* **BRIEF**: Your output should be the lines below from the one holding "Puma, Pantofi sport" through the one holding "GIFTS Green (Front)", transcribed exactly, with no pictures.

* **SUPPLIED RECORDS**:
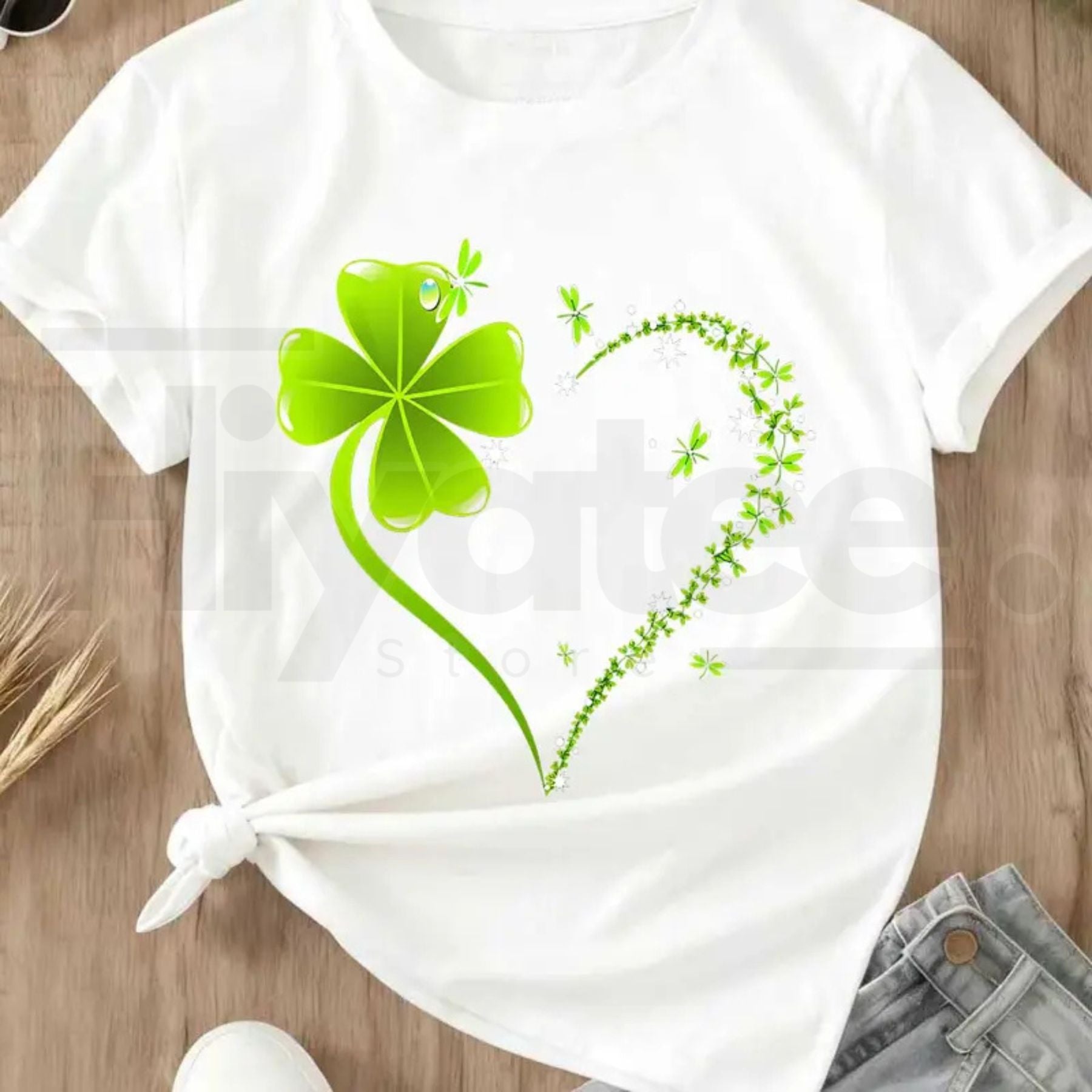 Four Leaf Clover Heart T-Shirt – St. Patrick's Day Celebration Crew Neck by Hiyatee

---

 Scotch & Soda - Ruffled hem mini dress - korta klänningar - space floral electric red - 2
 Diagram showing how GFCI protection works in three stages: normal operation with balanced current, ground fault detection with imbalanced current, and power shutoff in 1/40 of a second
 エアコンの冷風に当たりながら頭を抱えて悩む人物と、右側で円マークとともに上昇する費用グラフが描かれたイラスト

--

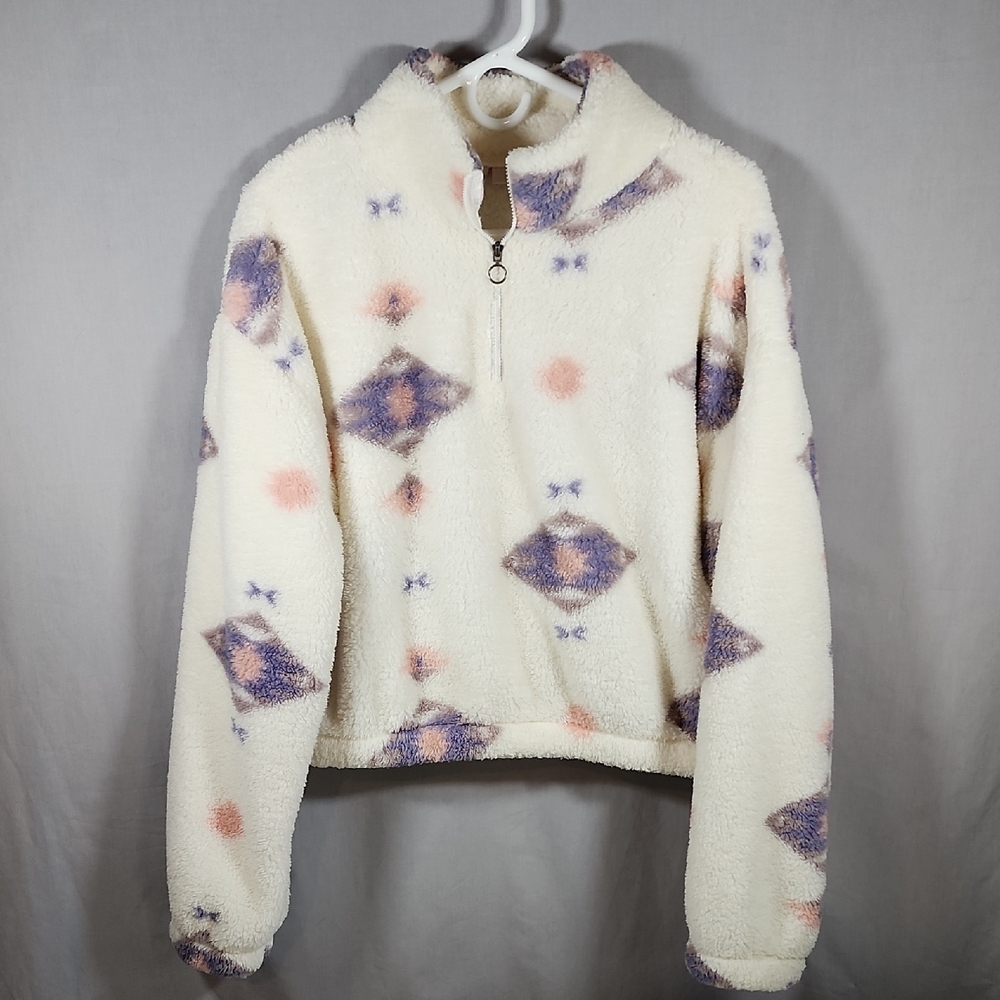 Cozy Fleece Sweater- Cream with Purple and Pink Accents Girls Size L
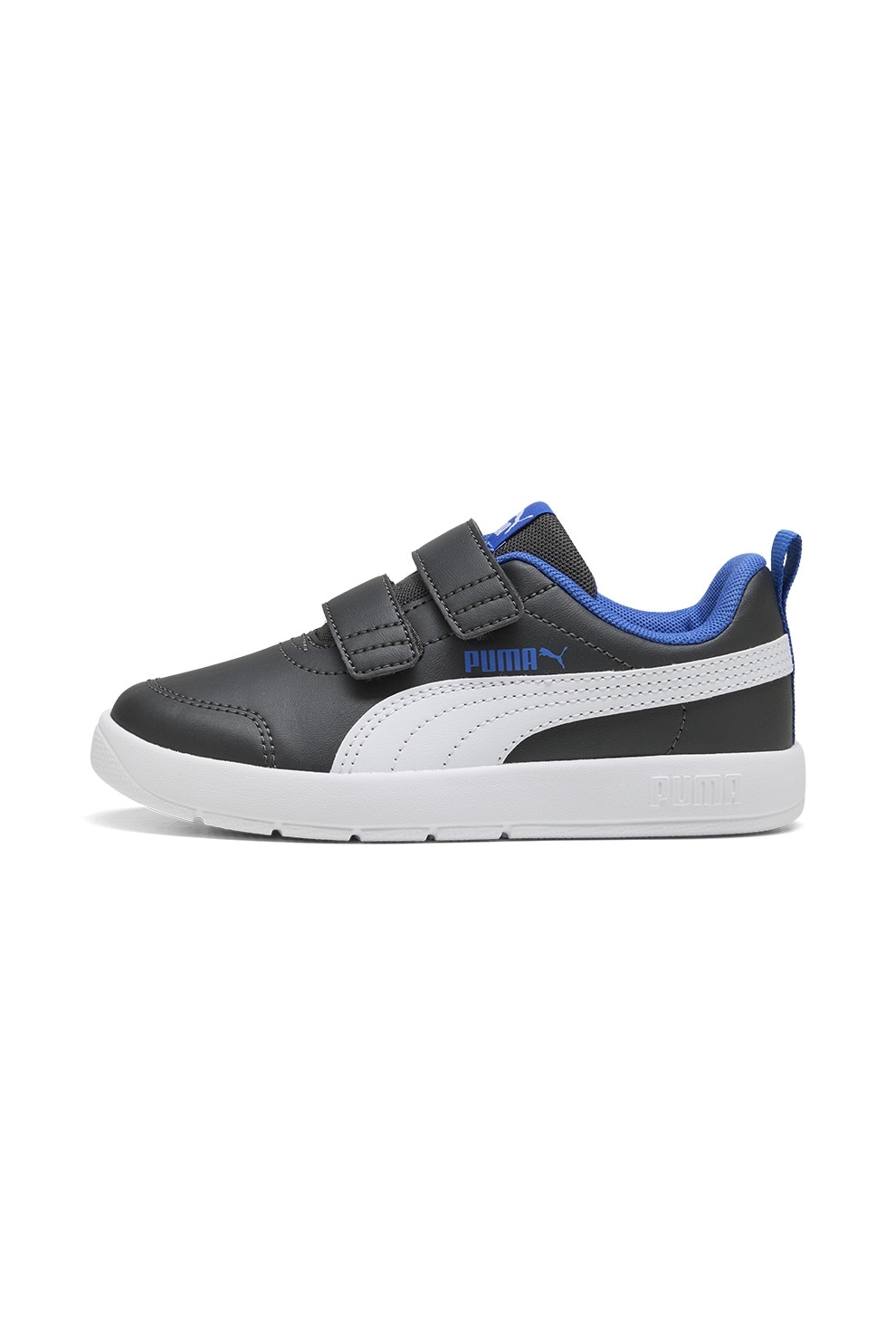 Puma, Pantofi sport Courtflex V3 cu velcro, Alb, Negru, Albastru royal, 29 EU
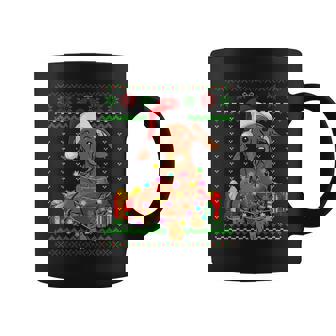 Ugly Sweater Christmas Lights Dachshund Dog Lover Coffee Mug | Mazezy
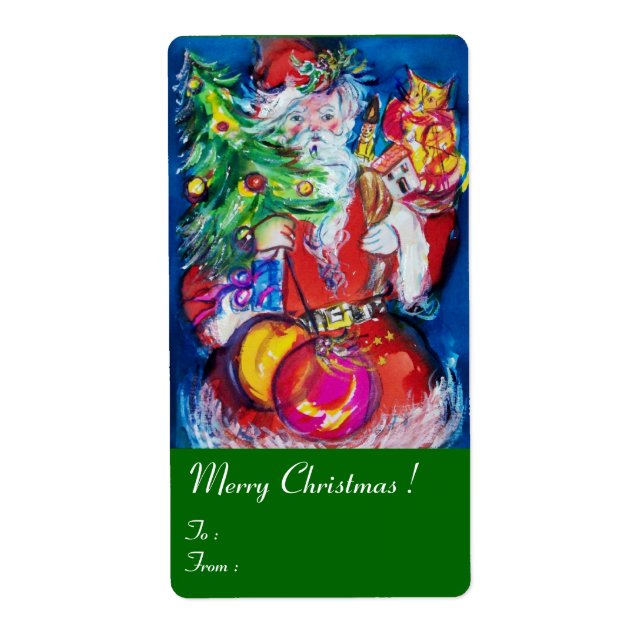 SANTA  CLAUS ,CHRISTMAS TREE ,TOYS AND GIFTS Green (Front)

* **RESPONSE AREA**:
 Puma, Pantofi sport Courtflex V3 cu velcro, Alb, Negru, Albastru royal, 29 EU
 Ugly Sweater Christmas Lights Dachshund Dog Lover Coffee Mug | Mazezy
 SANTA  CLAUS ,CHRISTMAS TREE ,TOYS AND GIFTS Green (Front)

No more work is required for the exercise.